Today I am posting as part of the Blog Action Day with over 1300 other bloggers around the world, adding my voice to the 1000s of organistions that campaign and work daily for a more just world. As a youth worker I am all too aware of the injustice that young people in the UK have faced in the past few years. They have been on the receiving end of worst of the cuts in services, politicians have openly spoken how they have been more penalized as they don’t affect the vote enough, and the support structures that many of the most vulnerable young people in society rely on have been eroded.
In 2011 I first started blogging about the cuts (here) in response to what I was seeing I shaved half my beard. What hit me was that as I wore this half beard around town, out in public was how few people noticed. This is still the issue for young people, the public still seem unaware how badly this generation has been affected by the cuts.
StreetSpace part of Frontier Youth Trust has grown rapidly to engage many of the most marginalised young people in the UK, and the lived experiences of these young people over the past few years has often been heartbreaking. However these are not my stories to tell, and so whilst the media loves a good hard luck story we refuse to play by those rules. So this leaves us in a predicament, how do we draw attention to injustices we see around us when even wondering around town with half a beard fails to raise eyebrows. So I am left with my story and simply trying to respond to the injustice in front of me as well as I can…
WOULD THE 16 YEAR OLD ME SURVIVE TODAY
I wept this morning. I cried for young people who have been have been vicitimised, marginalised and oppressed by the governments response to the recession of cutting services, I cried with the young people who will continue to be the ones who suffer most as we enter economic recovery which the government wants to promote with further cuts. The latest government proposals on young people, demonstrate a society that has lost its way, a society of selfishness, greed and power.I wept this morning as friends responded to my post on facebook about my own situation as a NEET (not in employment, education or training) 16 year old. I left home, not willingly, not out of choice but out of necessity after my father who had been sober for 5 years started to drink again. My sister helped, the state helped, I was not stigmatized, I had time to get my head together, I had time to start to find out who I really was, out of the shadow of my father, I survived, I flourished. As I write the tears start again for the young people I met this week on the streets who do not have the same opportunity I had, I see them in my minds eye and I am simply distraught at what the future holds if current government plans continue.

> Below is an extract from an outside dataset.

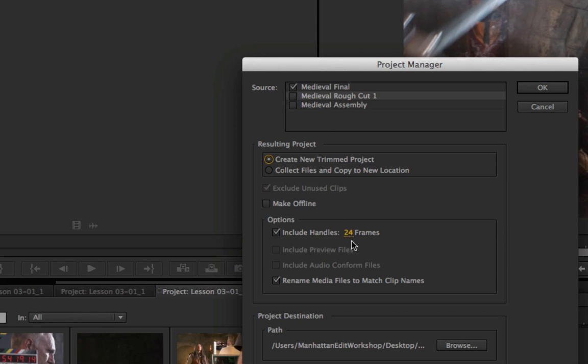I can add handle if I choose. Right now, this is set to 24 frames, one second. But of course, I can make that more or less depending on my needs.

Out of the shadows of my childhood, I began to explore my vocation, and pathway into youthwork. Unsurprisingly I left school with no O’levels but at 17 I was accepted to do a further education City and Guilds course in Leisure and Recreation. A course I started late because it took a while to see if I could get a grant and benefit to live and study. I moved onto to do Social Care and an A level, with a student grant and working nights in a printers and the fabulous support of my sisters family who let me live in the caravan in the garden, I began to mature and come to terms with who I was. At 19 I thought I was ready, but quickly realized I needed to go to Uni if I was going to do the youth work stuff properly, and that meant I needed more grant support. At that time automatic vocational grants (the first to go) had been cut and I remember sitting around an appeals table in County Hall in Exeter explaining my case to a panel of 15 adults, and making a simple promise to come back to the county for at least a year once graduated to help other young people.
Two years later, JNC youthwork qualification in hand, I returned to my sisters garden to live in her shed (the caravan was rusted away) and make good the promise I made in County Hall. At 21 I established my first detached youth work project in Devon, I worked part time and received housing benefit that helped make ends meet. I remember the young people I worked with 23 years ago, I remember them coming to the shed (my house) to plan how to establish a youth centre for the area, I recall the youth centre that was built on the basis of these proposals, and I still hear occasional stories from my sister about the work in the town. For those of you who know me, you will be familiar with the rest of my story, my long history with Frontier Youth Trust. My first paid post working and living on a difficult estate in the Midlands as part of YFC,(which incidentally encouraged my dad to shake my hand before I left Devon as he thought I had a proper job!) It was on this estate where I met real need first hand in my neighbors and began to learn what it means to be real community from them. Leaving to work for Worth Unlimited, with a job brief to make it work or close it down, but who now do an amazing job under a great CEO in Tim Evans in so many difficult areas across the country. Then more recently into StreetSpace who now meet over 8000 young people a month on the edge a month. I recall these stories, not to say look at me but to simply ask would the 16 year old me survive today. Asking this simple question causes the tears to return again as I know the answer would be no. Tears of gratefulness to my sister’s family and to the state without who I would not have survived. So the tears of thanks turn to a weeping that flows freely for the 1000s of young people I still hear about as youth worker, who share elements of my story, or far worse circumstances, growing up in a society that has lost its way…
Time I started reading and thinking and being unsettled again. I realise that much as I love doing the work I do with young people with ASD it’s also about following where the money is rather than those truly on the edge. If you have an autism spectrum disorder there is quite rightly lots of support. if however you were excluded from school before you got that diagnosis, or are too defensive to engage with the mental health services who will diagnose you’re screwed.